:: Data records

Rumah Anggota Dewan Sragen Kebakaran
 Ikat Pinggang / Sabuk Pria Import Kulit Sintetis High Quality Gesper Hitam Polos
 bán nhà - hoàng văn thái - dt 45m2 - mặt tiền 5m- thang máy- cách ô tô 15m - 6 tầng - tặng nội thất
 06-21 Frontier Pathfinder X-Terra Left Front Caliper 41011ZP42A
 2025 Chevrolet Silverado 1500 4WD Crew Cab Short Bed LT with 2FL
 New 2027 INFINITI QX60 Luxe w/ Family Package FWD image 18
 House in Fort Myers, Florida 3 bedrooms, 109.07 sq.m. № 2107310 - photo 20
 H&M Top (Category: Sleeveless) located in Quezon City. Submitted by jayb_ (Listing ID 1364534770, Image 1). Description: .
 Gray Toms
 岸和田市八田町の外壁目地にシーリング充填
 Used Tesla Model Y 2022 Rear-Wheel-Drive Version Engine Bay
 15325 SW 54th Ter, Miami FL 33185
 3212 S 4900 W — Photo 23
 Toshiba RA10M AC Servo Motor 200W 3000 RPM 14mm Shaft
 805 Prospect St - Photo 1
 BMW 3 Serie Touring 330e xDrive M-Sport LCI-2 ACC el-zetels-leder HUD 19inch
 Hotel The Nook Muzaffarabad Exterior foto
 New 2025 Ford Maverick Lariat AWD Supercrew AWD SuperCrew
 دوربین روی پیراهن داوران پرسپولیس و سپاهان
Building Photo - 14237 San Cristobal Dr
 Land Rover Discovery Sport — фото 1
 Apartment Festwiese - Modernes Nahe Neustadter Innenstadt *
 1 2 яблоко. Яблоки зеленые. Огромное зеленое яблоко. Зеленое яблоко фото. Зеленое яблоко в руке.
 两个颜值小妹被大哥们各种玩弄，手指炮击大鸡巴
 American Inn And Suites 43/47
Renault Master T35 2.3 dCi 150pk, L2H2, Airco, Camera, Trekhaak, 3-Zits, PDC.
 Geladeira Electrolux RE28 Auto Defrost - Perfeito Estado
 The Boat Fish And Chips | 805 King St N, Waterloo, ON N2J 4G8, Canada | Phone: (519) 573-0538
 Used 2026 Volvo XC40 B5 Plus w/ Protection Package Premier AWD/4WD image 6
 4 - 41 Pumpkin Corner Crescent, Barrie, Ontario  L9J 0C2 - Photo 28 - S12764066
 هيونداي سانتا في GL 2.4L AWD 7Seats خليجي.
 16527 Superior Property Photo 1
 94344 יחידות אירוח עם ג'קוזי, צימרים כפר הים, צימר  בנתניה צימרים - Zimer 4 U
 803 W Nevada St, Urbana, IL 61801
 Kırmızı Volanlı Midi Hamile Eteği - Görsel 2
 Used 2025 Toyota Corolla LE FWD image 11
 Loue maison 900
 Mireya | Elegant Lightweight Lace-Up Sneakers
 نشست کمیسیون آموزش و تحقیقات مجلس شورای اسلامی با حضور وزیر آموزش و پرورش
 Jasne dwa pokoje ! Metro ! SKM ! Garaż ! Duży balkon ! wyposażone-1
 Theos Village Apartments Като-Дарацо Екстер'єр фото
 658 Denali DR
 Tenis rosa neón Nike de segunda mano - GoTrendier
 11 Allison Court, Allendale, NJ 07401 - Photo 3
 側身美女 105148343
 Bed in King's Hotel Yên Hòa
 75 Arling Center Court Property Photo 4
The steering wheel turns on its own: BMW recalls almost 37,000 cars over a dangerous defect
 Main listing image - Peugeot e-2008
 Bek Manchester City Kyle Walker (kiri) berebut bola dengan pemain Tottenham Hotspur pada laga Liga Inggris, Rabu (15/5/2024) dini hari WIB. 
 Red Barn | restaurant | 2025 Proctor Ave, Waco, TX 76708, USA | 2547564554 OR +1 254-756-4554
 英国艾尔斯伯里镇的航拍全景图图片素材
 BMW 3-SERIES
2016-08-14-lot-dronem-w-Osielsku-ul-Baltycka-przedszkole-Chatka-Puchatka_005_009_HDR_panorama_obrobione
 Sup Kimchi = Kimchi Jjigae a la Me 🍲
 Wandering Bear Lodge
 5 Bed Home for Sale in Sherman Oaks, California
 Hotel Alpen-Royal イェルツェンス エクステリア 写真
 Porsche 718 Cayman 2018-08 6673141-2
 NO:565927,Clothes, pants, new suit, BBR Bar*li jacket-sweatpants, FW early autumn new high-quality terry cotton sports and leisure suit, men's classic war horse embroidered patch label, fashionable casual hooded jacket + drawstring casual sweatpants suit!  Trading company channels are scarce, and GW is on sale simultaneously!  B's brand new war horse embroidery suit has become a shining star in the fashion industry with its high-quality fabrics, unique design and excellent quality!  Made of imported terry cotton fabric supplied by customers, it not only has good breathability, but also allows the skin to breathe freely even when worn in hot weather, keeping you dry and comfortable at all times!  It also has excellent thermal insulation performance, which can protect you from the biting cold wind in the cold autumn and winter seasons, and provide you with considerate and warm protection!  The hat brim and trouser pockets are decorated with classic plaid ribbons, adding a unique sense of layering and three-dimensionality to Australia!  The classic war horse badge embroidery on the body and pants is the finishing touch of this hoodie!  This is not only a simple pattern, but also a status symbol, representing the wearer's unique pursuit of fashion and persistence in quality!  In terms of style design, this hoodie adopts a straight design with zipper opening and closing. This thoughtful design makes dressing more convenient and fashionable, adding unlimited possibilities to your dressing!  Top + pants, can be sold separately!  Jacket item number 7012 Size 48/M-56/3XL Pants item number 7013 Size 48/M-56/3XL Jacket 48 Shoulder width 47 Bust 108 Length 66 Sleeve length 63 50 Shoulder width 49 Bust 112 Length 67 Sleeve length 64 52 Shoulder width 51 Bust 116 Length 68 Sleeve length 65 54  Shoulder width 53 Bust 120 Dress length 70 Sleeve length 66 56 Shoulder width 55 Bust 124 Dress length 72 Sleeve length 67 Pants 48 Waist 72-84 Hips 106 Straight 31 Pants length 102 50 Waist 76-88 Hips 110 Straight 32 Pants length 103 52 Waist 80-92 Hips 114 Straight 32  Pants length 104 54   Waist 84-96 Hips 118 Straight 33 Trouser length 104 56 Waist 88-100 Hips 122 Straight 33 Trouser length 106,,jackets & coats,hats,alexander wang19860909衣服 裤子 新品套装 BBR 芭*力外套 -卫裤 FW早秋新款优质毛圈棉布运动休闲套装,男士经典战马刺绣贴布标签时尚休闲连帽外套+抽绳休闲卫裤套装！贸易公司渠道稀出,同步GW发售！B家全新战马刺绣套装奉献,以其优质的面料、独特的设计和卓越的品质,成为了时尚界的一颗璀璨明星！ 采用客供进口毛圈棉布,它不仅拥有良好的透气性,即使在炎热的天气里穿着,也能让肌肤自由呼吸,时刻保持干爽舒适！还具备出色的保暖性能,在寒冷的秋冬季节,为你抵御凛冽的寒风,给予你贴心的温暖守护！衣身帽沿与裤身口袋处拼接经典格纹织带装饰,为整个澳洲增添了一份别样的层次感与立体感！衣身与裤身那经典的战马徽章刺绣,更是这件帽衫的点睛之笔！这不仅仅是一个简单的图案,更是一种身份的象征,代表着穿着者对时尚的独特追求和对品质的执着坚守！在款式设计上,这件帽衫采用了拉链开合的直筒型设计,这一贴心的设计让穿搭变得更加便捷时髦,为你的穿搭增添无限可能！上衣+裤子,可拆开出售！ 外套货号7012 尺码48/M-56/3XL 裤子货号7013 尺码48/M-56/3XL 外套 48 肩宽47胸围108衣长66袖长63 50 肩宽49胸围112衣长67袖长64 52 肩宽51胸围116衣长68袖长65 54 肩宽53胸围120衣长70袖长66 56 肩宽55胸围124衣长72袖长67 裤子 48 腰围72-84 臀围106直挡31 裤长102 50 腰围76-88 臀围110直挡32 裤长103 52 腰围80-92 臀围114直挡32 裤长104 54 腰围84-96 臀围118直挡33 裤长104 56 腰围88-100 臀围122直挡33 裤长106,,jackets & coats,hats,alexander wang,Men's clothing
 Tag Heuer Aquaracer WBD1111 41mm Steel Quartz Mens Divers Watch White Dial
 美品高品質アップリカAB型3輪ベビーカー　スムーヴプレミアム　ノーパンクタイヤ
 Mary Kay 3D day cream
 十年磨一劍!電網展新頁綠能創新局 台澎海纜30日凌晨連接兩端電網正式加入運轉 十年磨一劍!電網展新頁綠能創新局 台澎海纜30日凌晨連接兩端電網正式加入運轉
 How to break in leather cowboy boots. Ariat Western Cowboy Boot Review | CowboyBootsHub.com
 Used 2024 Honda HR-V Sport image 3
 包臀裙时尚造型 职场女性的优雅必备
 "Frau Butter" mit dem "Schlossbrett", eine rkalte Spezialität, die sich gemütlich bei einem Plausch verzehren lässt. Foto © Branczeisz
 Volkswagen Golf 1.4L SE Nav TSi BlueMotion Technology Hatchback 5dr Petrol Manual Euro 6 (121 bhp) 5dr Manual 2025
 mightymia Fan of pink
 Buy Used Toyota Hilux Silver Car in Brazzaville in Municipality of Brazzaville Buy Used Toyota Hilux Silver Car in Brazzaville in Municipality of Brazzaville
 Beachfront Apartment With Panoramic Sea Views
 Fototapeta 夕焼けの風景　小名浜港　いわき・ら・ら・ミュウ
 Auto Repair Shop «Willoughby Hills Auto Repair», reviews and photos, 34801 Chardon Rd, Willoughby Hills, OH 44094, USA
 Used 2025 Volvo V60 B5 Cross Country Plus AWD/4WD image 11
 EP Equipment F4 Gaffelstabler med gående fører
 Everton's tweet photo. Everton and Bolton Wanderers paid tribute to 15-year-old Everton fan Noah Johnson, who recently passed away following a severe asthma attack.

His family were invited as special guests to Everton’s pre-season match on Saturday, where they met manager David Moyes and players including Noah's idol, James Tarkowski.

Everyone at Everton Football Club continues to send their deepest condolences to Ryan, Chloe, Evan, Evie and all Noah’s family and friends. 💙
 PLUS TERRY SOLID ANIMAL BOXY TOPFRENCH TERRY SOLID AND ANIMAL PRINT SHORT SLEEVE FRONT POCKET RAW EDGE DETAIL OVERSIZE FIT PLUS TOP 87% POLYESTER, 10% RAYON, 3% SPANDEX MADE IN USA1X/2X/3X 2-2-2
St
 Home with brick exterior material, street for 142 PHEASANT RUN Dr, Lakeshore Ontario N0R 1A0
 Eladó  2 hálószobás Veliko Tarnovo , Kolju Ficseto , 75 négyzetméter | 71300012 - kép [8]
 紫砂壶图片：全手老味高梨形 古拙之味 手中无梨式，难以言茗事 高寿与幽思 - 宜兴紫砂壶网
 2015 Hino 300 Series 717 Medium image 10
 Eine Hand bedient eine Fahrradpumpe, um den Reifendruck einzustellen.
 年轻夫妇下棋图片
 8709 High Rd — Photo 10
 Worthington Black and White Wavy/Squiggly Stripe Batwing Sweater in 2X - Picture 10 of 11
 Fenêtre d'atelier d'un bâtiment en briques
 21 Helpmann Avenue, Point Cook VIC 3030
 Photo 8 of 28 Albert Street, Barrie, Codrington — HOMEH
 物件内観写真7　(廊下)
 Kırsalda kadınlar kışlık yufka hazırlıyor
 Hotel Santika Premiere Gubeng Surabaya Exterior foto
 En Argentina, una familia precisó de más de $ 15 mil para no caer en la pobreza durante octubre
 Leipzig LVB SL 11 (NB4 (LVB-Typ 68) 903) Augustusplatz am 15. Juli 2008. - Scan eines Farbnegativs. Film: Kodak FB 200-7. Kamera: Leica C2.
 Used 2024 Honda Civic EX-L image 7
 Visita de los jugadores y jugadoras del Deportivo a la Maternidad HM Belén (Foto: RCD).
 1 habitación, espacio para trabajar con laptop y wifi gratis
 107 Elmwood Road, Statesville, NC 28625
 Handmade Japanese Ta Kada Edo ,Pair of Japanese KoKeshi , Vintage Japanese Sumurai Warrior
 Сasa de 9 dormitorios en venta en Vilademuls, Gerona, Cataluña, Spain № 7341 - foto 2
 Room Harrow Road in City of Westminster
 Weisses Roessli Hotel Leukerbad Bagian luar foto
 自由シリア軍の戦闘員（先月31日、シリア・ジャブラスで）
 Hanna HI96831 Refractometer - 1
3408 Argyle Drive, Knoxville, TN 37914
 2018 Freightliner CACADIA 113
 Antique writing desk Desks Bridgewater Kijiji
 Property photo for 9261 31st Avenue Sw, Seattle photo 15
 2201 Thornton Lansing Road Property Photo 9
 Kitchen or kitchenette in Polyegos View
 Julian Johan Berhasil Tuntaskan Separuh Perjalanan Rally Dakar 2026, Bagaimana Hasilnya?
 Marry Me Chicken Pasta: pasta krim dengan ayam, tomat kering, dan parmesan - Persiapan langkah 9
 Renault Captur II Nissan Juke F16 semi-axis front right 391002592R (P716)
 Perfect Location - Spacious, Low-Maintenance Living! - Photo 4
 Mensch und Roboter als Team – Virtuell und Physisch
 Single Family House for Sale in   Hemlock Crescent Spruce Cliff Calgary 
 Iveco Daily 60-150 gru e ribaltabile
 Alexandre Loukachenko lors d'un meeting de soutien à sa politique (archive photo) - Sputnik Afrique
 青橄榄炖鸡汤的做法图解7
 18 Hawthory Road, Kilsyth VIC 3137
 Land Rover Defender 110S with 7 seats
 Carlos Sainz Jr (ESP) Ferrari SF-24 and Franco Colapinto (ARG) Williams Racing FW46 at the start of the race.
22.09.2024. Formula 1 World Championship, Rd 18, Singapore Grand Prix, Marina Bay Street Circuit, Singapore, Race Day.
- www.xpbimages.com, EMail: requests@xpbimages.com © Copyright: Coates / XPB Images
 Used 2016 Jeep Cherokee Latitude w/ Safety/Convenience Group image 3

::::

*Task item:*
Copy every line in the data above that has the string "City" in it.

*Solved problem:*
 H&M Top (Category: Sleeveless) located in Quezon City. Submitted by jayb_ (Listing ID 1364534770, Image 1). Description: .
 Bek Manchester City Kyle Walker (kiri) berebut bola dengan pemain Tottenham Hotspur pada laga Liga Inggris, Rabu (15/5/2024) dini hari WIB. 
 Room Harrow Road in City of Westminster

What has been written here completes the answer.